Maybe they are all right. Maybe none of them are right. In
the end, we have to rely on the grace of God and this foolish gift of spiritual
insight to figure our what the Christ on the cross means to our hearts and
minds.
But, when we admit the foolishness of Christianity, when we
embrace the foolishness, we can see God at work most powerfully. What does it mean to live into
the foolishness, trusting God’s gifts? Living into the foolishness is more than just believing things about death and resurrection. The foolishness can and should impact the way
we deal with money, time and people.
Trusting God’s gifts
can mean tithing or giving generously.
Think about: How do you feel when you
give? Are you a crisis giver or is giving a habit?
Most of us want something for our money. We like to see
results of our spending. This means we are happy to open our wallets when there
is a crisis or like to give to special projects. Sometimes, though, don’t
always give as generously as we could to the general fund of the church. It’s
the week over week giving that keeps the lights and heat on.
Living into the
foolishness means being willing to go with God’s plan instead of your own.
Think about: Are there parts of your
life separate from God? Do you pray about not just what you give to the church,
but your whole budget?
There is a saying: show me your checkbook and I’ll show you
what you really value. It’s easy to feel
like our spending is beyond our control. We have bills to pay, mouths to feed,
a future to save for. Trusting God means going for God to guidance in all areas
of life. Not just giving what’s leftover.
Trusting God’s gifts
means doing less with our time, not more.

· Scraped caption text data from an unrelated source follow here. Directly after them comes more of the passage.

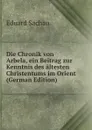 Die Chronik von Arbela, ein Beitrag zur Kenntnis des altesten Christentums im Orient (German Edition) - Eduard Sachau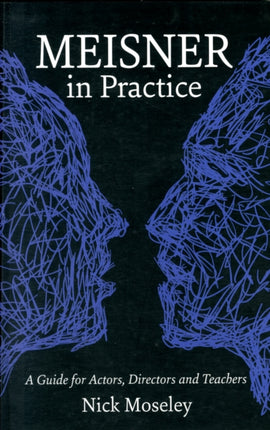 Meisner in Practice: A Guide for Actors,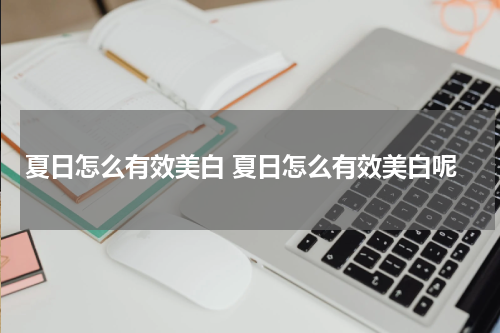 夏日怎么有效美白 夏日怎么有效美白呢
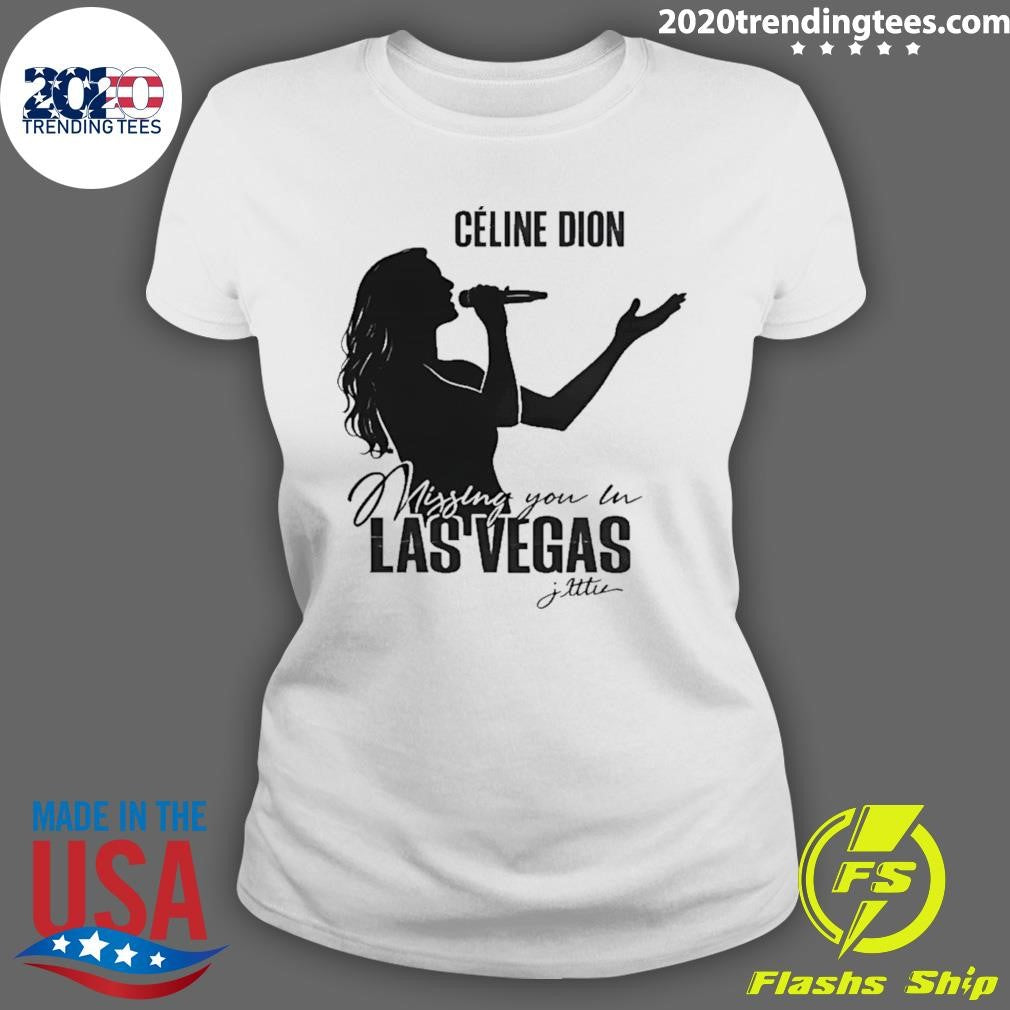Celine Dion Missing You In Las Vegas Shirt
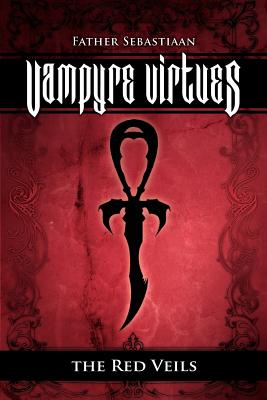 Vampyre Virtues; The Red Veils - Sebastiaan, Father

Think about: Are you a good steward
of your time? Do you set aside enough time to refresh yourself and to serve
God?
We are a busy culture. Finding enough time to refresh
ourselves is a way of honoring God. It’s a way of saying that you care for one
of God’s greatest creations—YOURSELF! When you do nothing you practice sacred
rest (or Sabbath keeping). Out of this nothingness often comes something. We are
better able to love God and others. Out of that refreshment we get the energy
to serve others.
Trusting God’s foolish
gifts means being a little foolish when it comes to people. It means that we are to love not
just those to love us, but love our enemies. We are to pray for those who
persecute us. We are to care for people who cannot return the favor because
they are too poor or too sick or in jail.
Trusting God’s foolish
gifts means trusting that the crucifixion is a way to life instead of death. It means trusting that foolish line
in the Apostle’s creed about believing in the resurrection of the body. Not the
soul flying into the clouds for a happy ever after, but some sort of bodily
transformation out the ashes or a corpse filled with embalming fluid. Talk
about foolish.
Tithing—giving away our money, Sabbath keeping—taking time to
do nothing, helping people who cannot help themselves—these are not the ways to
get ahead in the world. But they are exactly what the Bible tells us to do. To
our ears, it’s crazy. It’s foolishness.
So is the idea the Jesus dies so that we may have eternal
life. The idea of resurrection and afterlife is difficult to make sense of in
our world. Our coming to God after our breath stops is foolishness, but it is
our story. It is our hope.
Paul reminds us that in the midst of all this foolishness we
have the mind of Jesus—the mind of Christ crucified. We have the mind of a man
who loved his neighbors and enemies. We
have the mind of a man who prayed for the people who killed him. We have the
mind of a man was not afraid to appear foolish and defeated. We have the mind
of a man who knows firsthand the mystery and power of God and was not
afraid to live it for the world to see.
Some call it all foolish. I call it God.